You are visiting Australia on a visiting academic visa valid for 2 years.
Your visa states that you are not allowed to undertake any paid work while in Australia.
You are an Australian resident for tax purposes.
You became a temporary Australian resident solely for the purposes of performing your services as a visiting academic.
Your spouse and X children reside with you in Australia.
You are employed by a learning institution in Country X and seconded to an Australian learning institution.
You have rented out your residential property and receive rental income.
You may receive small reimbursements for expenses incurred for while undertaking research.
You are renting a home in Australia.
Relevant legislative provisions:
Income Tax Assessment Act 1997 Section 118-110.
Income Tax Assessment Act 1997 Subsection 118-145(2).
Income Tax Assessment Act 1997 Section 118-192.
Reasons for decision
Subsection 6-5(2) of the Income Tax Assessment Act 1997 (ITAA 1997) provides that the assessable income of a resident taxpayer includes ordinary income derived directly or indirectly from all sources, whether in or out of Australia, during the income year.

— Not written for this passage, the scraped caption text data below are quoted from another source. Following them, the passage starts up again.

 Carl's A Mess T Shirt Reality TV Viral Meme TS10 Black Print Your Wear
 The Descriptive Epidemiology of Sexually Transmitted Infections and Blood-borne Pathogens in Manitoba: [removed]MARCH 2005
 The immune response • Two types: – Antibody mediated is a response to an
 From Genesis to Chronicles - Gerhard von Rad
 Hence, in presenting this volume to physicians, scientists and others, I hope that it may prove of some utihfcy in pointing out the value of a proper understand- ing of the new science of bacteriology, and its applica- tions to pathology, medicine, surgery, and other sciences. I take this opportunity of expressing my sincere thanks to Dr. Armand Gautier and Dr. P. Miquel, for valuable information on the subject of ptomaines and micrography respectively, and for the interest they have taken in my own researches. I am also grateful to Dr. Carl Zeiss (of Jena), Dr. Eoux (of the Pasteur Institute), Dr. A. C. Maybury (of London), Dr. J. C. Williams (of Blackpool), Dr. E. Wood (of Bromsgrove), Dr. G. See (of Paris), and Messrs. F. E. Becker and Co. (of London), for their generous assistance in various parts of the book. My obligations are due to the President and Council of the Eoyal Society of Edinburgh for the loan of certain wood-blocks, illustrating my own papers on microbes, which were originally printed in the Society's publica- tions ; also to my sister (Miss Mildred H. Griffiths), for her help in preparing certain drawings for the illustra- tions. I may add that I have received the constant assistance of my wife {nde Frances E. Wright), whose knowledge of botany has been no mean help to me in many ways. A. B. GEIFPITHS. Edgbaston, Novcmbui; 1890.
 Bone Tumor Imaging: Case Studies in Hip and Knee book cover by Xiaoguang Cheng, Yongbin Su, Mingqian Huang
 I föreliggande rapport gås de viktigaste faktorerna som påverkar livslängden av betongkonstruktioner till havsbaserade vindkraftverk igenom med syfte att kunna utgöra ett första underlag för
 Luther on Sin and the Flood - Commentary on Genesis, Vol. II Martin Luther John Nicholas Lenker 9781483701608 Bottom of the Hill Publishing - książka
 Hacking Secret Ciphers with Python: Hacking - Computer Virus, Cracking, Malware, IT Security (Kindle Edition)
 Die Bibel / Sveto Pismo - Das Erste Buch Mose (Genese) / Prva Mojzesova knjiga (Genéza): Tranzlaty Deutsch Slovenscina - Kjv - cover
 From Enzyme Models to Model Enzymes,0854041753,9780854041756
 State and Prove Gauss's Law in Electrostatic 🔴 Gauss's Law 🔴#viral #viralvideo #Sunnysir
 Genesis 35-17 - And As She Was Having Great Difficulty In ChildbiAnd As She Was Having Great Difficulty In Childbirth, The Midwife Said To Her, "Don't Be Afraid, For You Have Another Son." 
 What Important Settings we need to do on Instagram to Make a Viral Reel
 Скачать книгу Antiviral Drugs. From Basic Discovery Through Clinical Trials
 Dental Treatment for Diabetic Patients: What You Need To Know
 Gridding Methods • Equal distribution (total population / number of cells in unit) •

In determining liability to tax on Australian foreign sourced income received by a resident, it is necessary to consider not only the income tax laws but also any applicable tax treaty contained in the International Tax Agreements Act 1953 (the Agreements Act).
A double tax agreement provides that remuneration paid by the Country X Government or a political subdivision or local authority of that State to any individual in respect of services rendered in the discharge of governmental functions shall be taxable only in country X. However, such remuneration shall be taxable only in Australia if the services are rendered in Australia and the recipient is a resident of Australia who:
· is a citizen of Australia; or
· did not become a resident of Australia solely for the purposes of performing the services.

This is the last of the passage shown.